#### [ACTIVITY]
All the lines below need to be output exactly, apart from any images.

#### [AVAILABLE DATA]
--------------------------------------------------

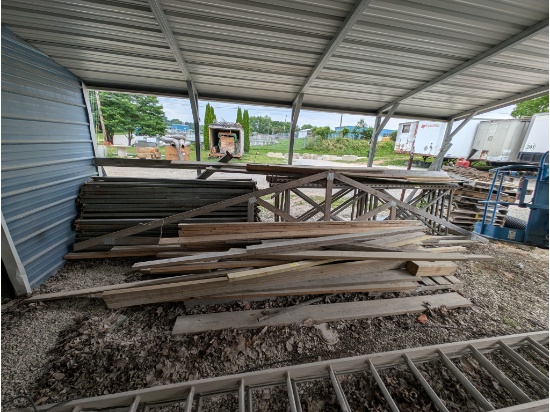 Construction Lumber, Truss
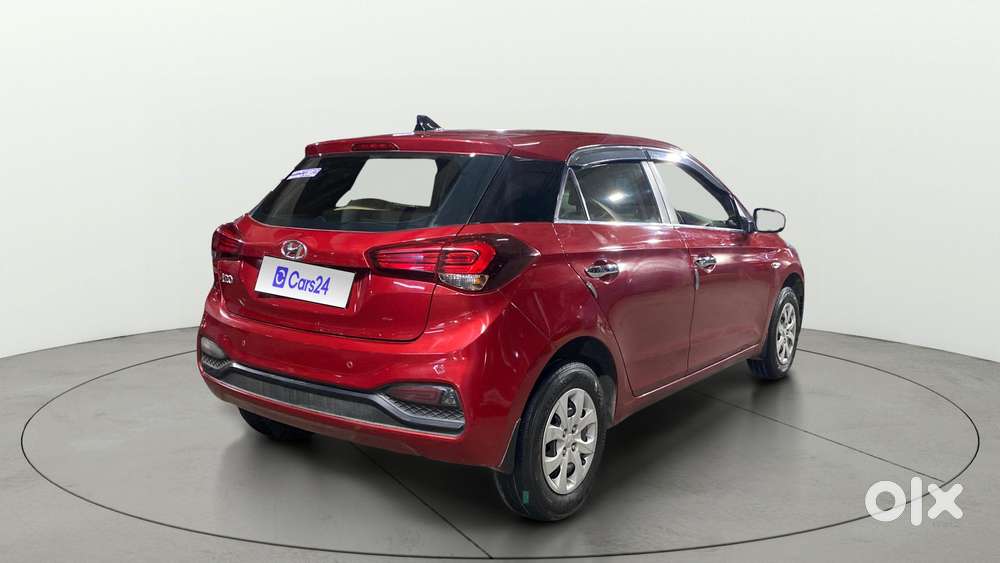 Hyundai Elite I20 1.2 Magna Plus, 2019, Petrol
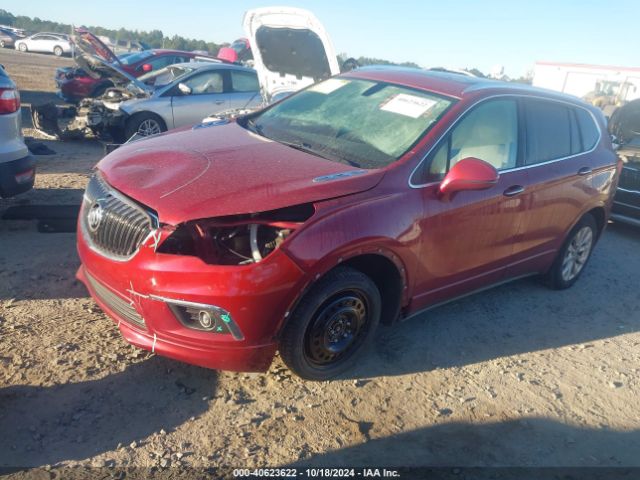 Photo 1 VIN: LRBFXBSA6HD149961 - BUICK ENVISION 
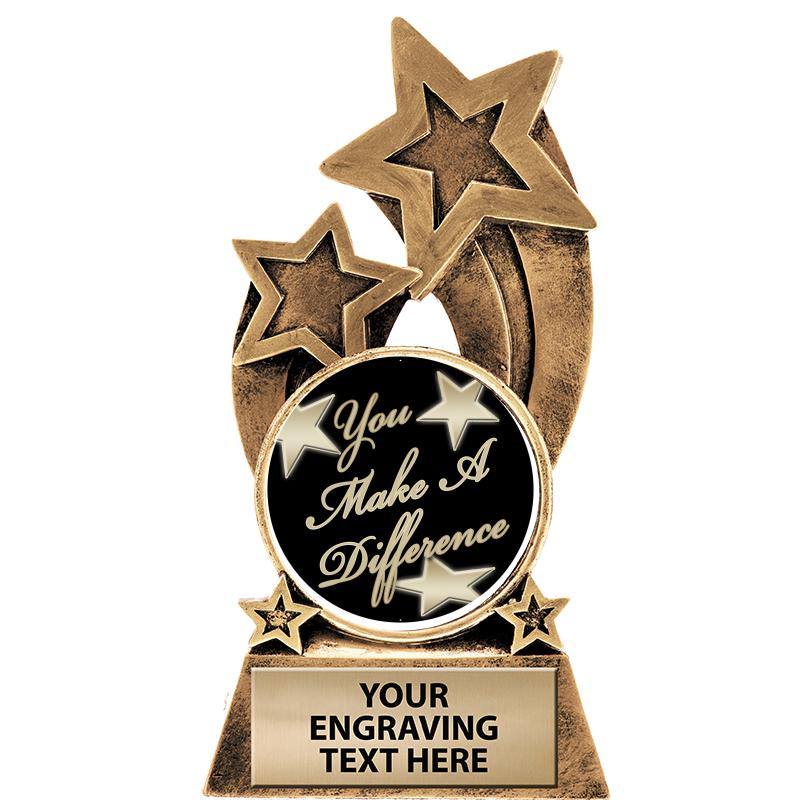 5.75" GLORY INSERT RESIN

--------------------------------------------------

#### [RESPONSE FOR THIS EXERCISE]
 Construction Lumber, Truss
 Hyundai Elite I20 1.2 Magna Plus, 2019, Petrol
 Photo 1 VIN: LRBFXBSA6HD149961 - BUICK ENVISION 
 5.75" GLORY INSERT RESIN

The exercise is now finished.